Of the three I prefer Avia. DVE is good but I think the menu system is a bit clumsy.

*Blu-ray*


Digital Video Essentials: HD Basics
Spears & Munsil High Definition Benchmark
Disney's World of Wonder

My favorite is the Spears & Munsil disc.

HD Nation video discussing calibration.


----------



## Dale Rasco

If it's Blu-Ray then I really like the Spears and Munsil, but Mech is the most proficient in the ways of calibration so I would probably go with his recomendation.

http://www.amazon.com/Spears-Munsil...k-Blu-ray/dp/B001UM29OC/ref=pd_bxgy_mov_img_b


----------



## Alan Brown

jackboy said:


> Hi,
> What is the best DVD to use to calibrate my TV and projector?


I don't know of any single title of calibration disc that includes everything anyone attempting to calibrate a display system might need. Some titles are better for beginners, others for veterans. I suppose, since you are asking for a DVD, we should assume you are a beginner. Do you really just want a DVD program, or did you mean Blu-ray Disc? 

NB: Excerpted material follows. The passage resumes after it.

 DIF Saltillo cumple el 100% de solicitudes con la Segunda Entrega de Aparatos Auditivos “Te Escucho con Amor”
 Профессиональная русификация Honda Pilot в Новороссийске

There are a couple of free downloadable programs available at the AVS Forum that are very full-featured, they are accompanied by very thorough tutorial documentation as well. The HD version may not play on some Blu-ray Disc players. 

The 'Spears & Munsil HD Benchmark' BD lacks many important test patterns for a calibrator. It is really an excellent display system check disc, but not suitable for many color calibration requirements.

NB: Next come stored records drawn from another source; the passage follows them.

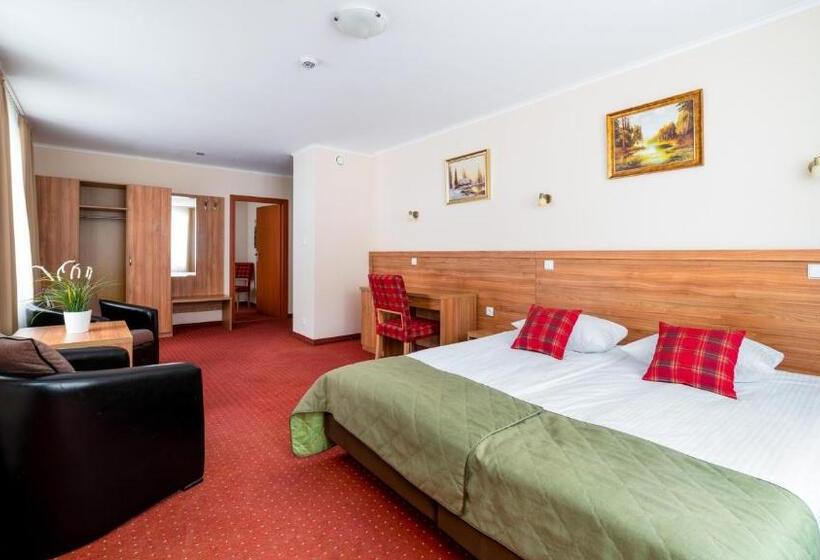 تختخواب و صبحانه Leśny Dwór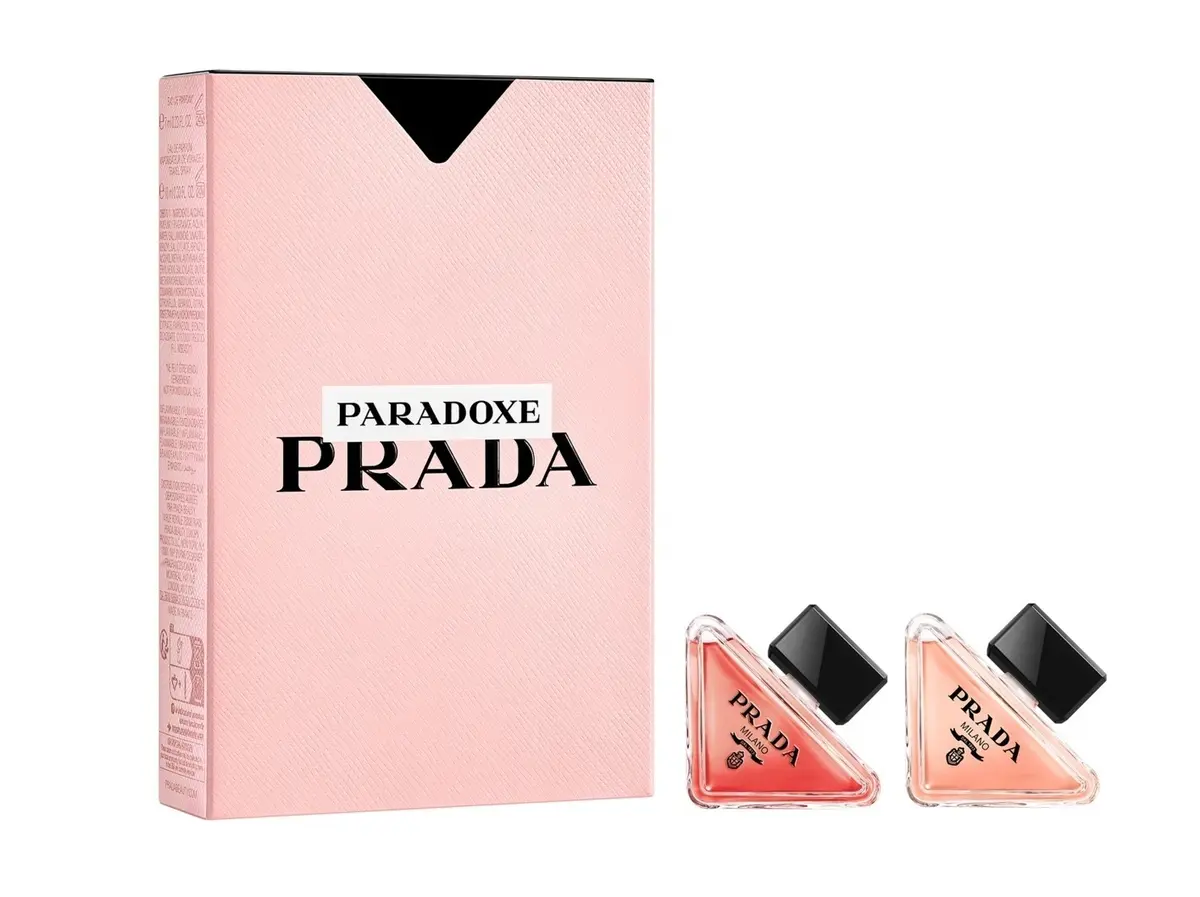 プラダ ビューティ　PRADA BEAUTY　パラドックス オーデパルファム　パラドックス アンタンス オーデパルファム フレグランス 香水 フローラルノート　ウッディ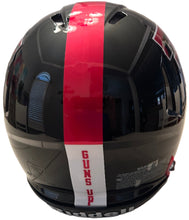 Load image into Gallery viewer, Texas Tech Riddell Authentic Speed Football Helmet
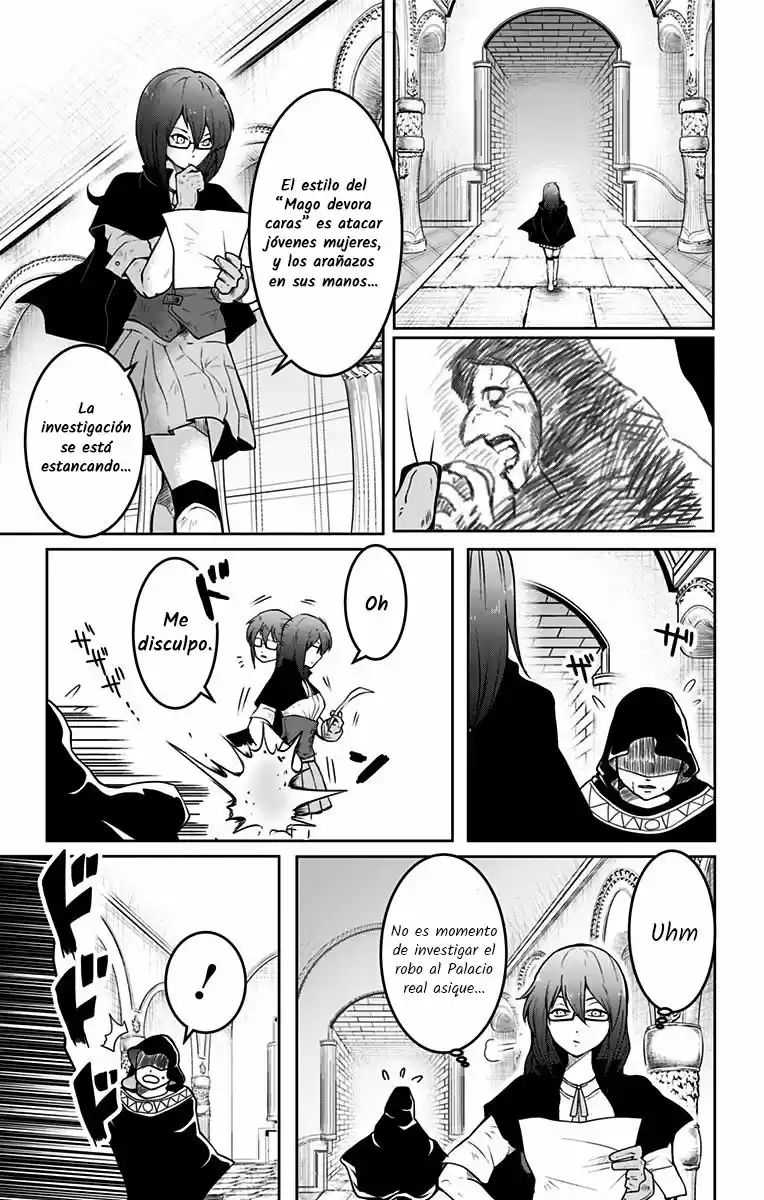 Makui No Risu - Capítulo 1 - Página 17 - LectorTMOo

'Digital Video Essentials' on DVD and 'Digital Video Essentials: HD Basics' on BD absolutely do not include every test pattern I can think of or would be required for an elaborate calibration. They do, however, cover a lot of bases and are great tutorial programs for beginners. As mentioned, the DVD version can be difficult to navigate for some users on some DVD players. The HD version is greatly improved in this regard.

The 'Disney World Of Wonder' program is available in both optical disc formats. It is layered for beginners, advanced, and professional users. Since it's from Disney, there are a lot of entertaining animations and narrations in the beginner segments. This title is the most up to date program available, but lacks some important information about system setup the other programs offer.

'Avia' and 'Avia II' on DVD are no longer in production. My online store still has some inventory. I don't know who else may have copies for sale.

I recommend getting more than one program, if you want to have a thorough understanding of video setup and calibration. All of the programs mentioned in this thread are in my collection, plus several not mentioned. Each one has unique material worthy of the investment required to obtain them.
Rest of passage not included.